While debating healthcare reform, many people on the left liked to heave emotionally-charged statements like “well, I guess if you’re against this, you’re ok with X number of people dying each year from not being covered.” I won’t address the absurdity of reducing the healthcare debate down to a simple matter of caring whether X people die or not.

The true issue is the validity of the point that lacking health insurance causes early death. Surely, health insurance must help, because what else would it be for? Megan McArdle begs to differ:

The possibility that no one risks death by going without health insurance may be startling, but some research supports it. Richard Kronick of the University of California at San Diego’s Department of Family and Preventive Medicine, an adviser to the Clinton administration, recently published the results of what may be the largest and most comprehensive analysis yet done of the effect of insurance on mortality.

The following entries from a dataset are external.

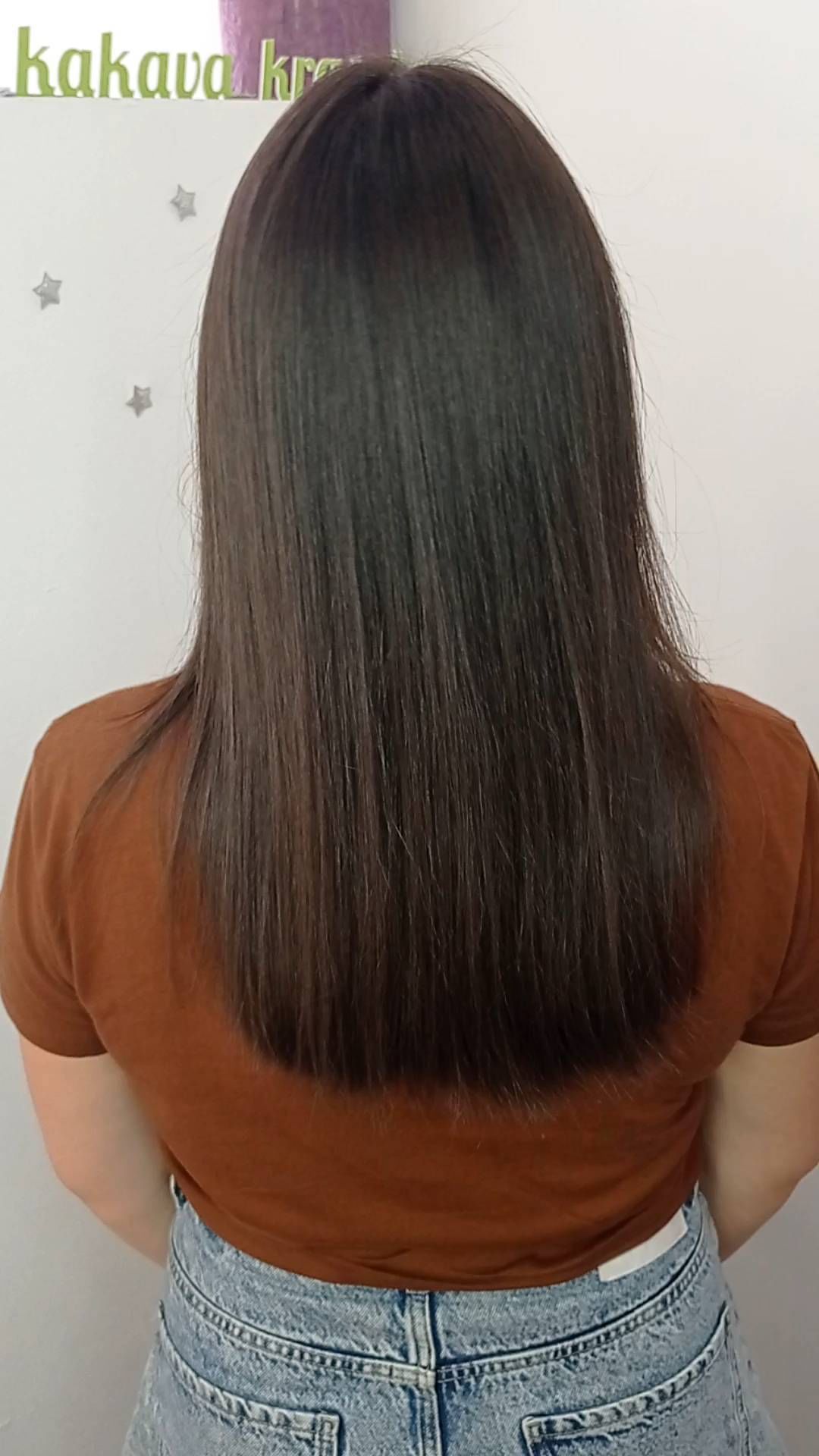 natali.o.hair в LOOKY. #уходзаволосами,#уходдляволос,#уходнск,#красотаволос,#красивыеволосы. #уходзаволосами #ухо...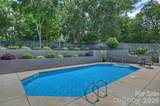 4013 Bridgewood Lane - Photo 45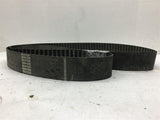 OPTIBELT-ZR 850H200 TIMING BELT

He used a sample of more than 600,000, and controlled not only for the standard factors, but for how long the subjects went without insurance, whether their disease was particularly amenable to early intervention, and even whether they lived in a mobile home. In test after test, he found no significantly elevated risk of death among the uninsured.

I am willing to accept that people overstate the dire need for health coverage for prolonging death or living a generally healthy life (good diet and exercise does more than any medicine can do, in my expert medical opinion). But what does health coverage do if it doesn’t give longer life expectancy? Why do we see a positive correlation between life expectancy and development in countries’ medical technology?

Maybe the difference is between living a long and healthy life versus living a long and miserably unhealthy life. Nonetheless, this seems to defy all common sense, in my opinion. Lesson learned? Before we hurl insults at people against ObamaCare mentioning their disdain for hugs, puppies, or poor people living longer, we need to get down to the actual facts.